No Mas Book Review – "Tunney"
Merry merry, fight fans. If you’re a follower of the fistic arts and happen to find yourself holding a little extra holiday coin these days or one of those inevitable Barnes and Noble gift cards, you could do worse for yourself than to blow it on Jack Cavanaugh’s new biography of Gene Tunney, titled ‘Tunney: Boxing’s Brainiest Champ and His Upset of the Great Jack Dempsey.†It’s a strange book, ultimately unsatisfying, but still a relatively quick and engaging read.
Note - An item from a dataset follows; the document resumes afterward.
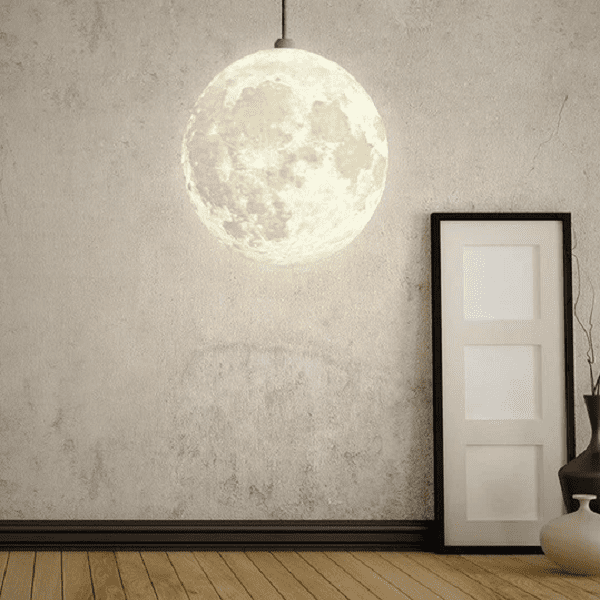 Full Moon 3D Hanging Lamp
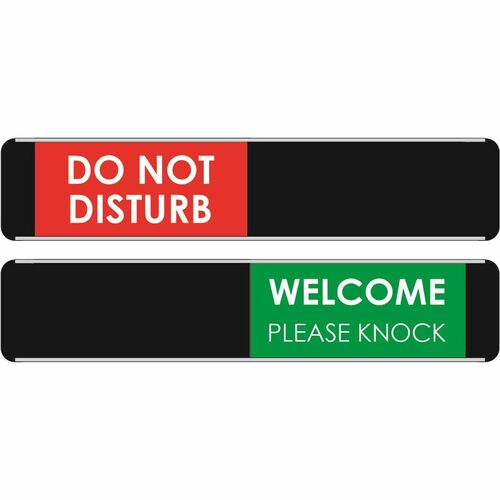 Seco SSCBA110RG Door Signs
As for its strangeness, the first thing you should know about the book is that to characterize it as a Gene Tunney biography is misleading. The subtitle is closer to the mark, because the book is as much about Dempsey as it is about Tunney. But for a good two thirds of the way through, it’s not really about either of them, or it is, but only in so far as you find them in the midst of a mishmash of boxing stories told in a rambling anecdotal style that often has little rhyme or reason. A description of Dempsey’s early days as a fighter in Colorado leads to a description of the corruption in boxing in the early part of the century which leads to a chronological history of Italian heavyweight Primo Carnera, a titlist in the 30′s known for winning fixed bouts. These types of illogical leaps and sidebars occur everywhere until Cavanaugh reaches the two Dempsey/Tunney fights, at which point he focuses and the story goes from meandering to gripping.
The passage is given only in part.